Re: kernel 4.15.7/64bit, C3600 is unstable during heavy I/O on PCI



Hi John!

On Sat, Mar 17, 2018 at 6:47 PM, John David Anglin <dave.anglin@bell.net> wrote:
> Hi Grant,
>
> On 2018-03-17 12:12 PM, Grant Grundler wrote:
>>
>> "Master Abort" means the MMIO
>> transaction timed out - usually due to the device not responding to an
>> MMIO read.
>
> In lba_pci.c and sba_iommu.c, it says "BE WARNED: register writes are
> posted" and need to be followed by a read.  It seems there are a some
> routines in these modules that have writes that aren't followed by a read.
> One is lba_wr_cfg(). Another might be the macro
> LBA_CFG_RESTORE().  Are these okay?

I looked through the two examples you point out and I *think* both are
ok.   lba_wr_cfg() issues an mmio write and immediately after calls
LBA_CFG_MASTER_ABORT_CHECK() which performs an MMIO read from the same
base address.

The LBA_CFG_RESTORE() is "lazy" - the next MMIO read will flush those
three writes and (I believe) any following MMIO writes will still be
issued in order.

Typically, the problem with posted MMIO writes is DMA or other events
don't start until the MMIO write is "seen" by the device.

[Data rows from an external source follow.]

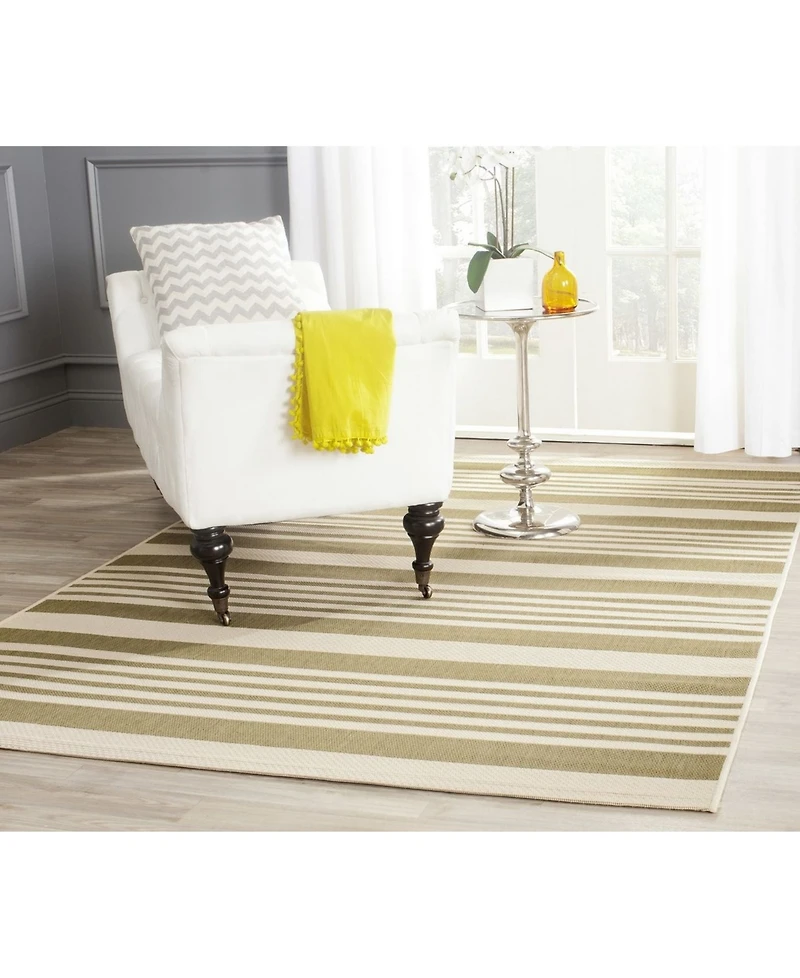 Safavieh Courtyard CY6062 Green and Beige 5'3" x 7'7" Sisal Weave Outdoor Area Rug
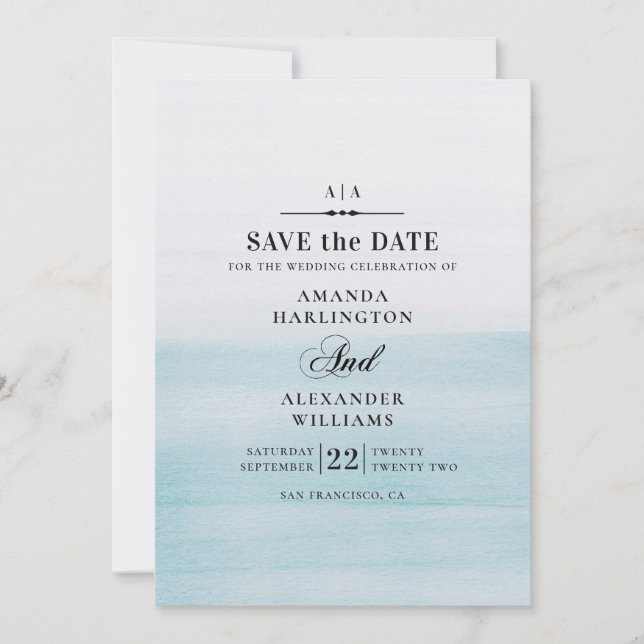 Save The Date Mariage bleu aquarelle. Classique nautique élégant (Devant)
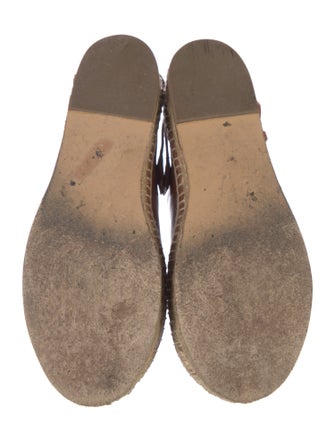 Celine Leather Whipstitch Trim Slingback Flats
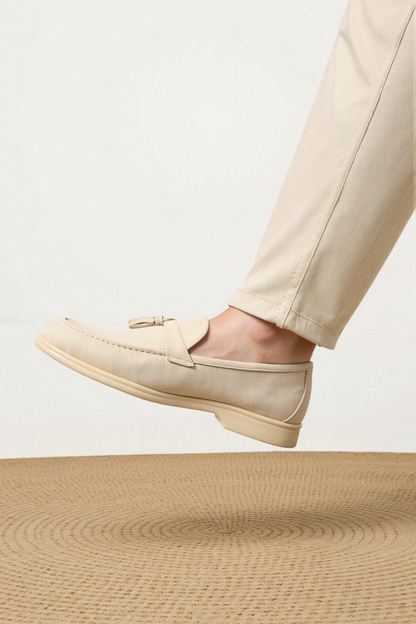 Damen Loafer Beige Quasten Komfortschuhe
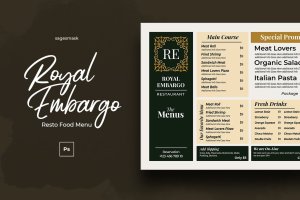 复古奢华西餐厅菜单设计模板 Food Menu Royal Resto
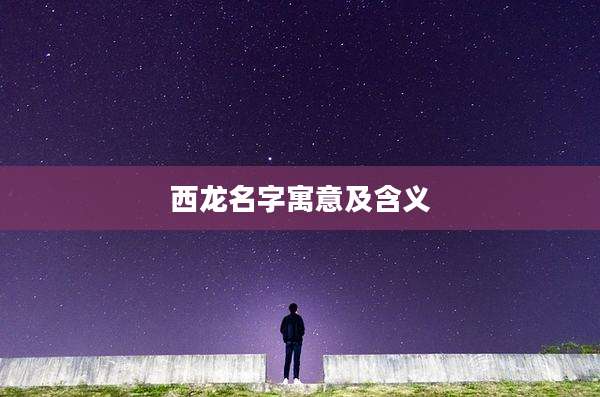 西龙名字寓意及含义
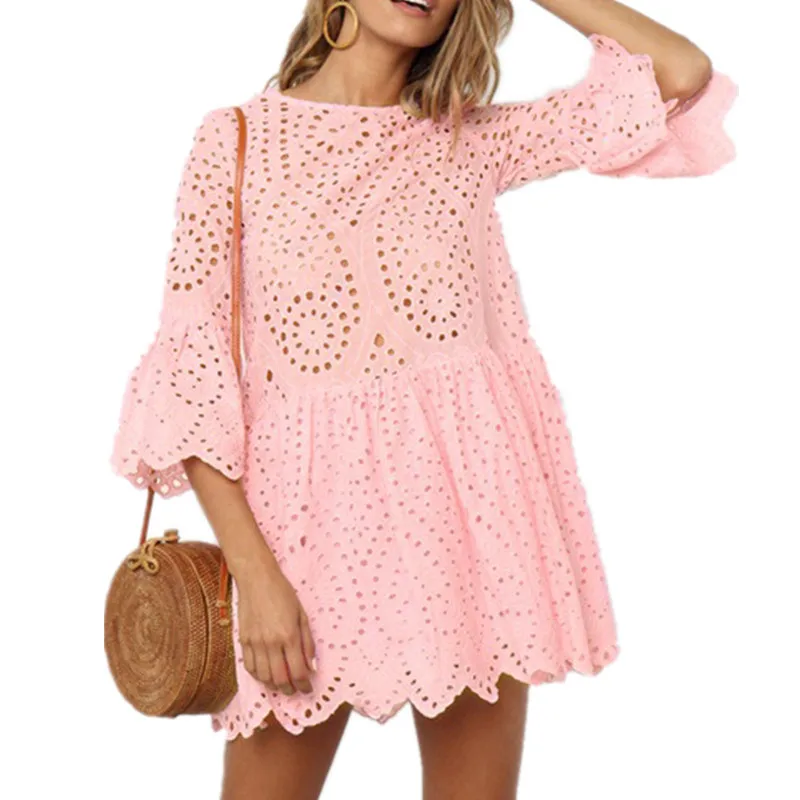 

2019 New Women's Lace Embroidery Sexy Dress Ruffle Sleeve White Cotton Mini Dresses Hollow Out Short Casual Party Dress Vestidos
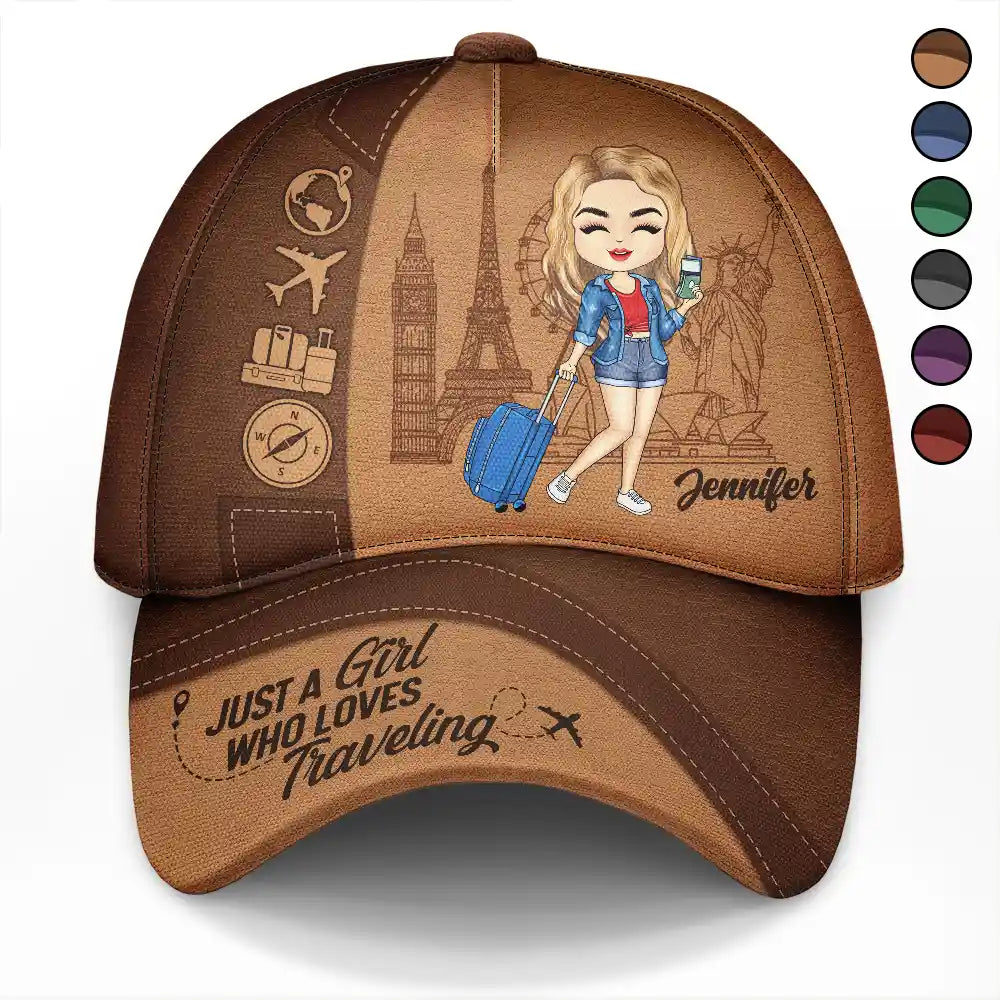 just a girl boy loves traveling classic cap for men and women, adjustable travel hat, breathable polyester cotton, perfect gift for adventurers and wanderlust enthusiasts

This is
important when specific timing between MMIO transactions is required
OR some magic (e.g. device reset, updates Frame Buffer, etc) happens.

> It seems probable that the problem that Carlo is having is a conflict
> between devices.

Hrm. I don't know. I haven't yet looked at the latest dump that Carlo
helpfully provided as I'm still traveling. Why do you suspect this?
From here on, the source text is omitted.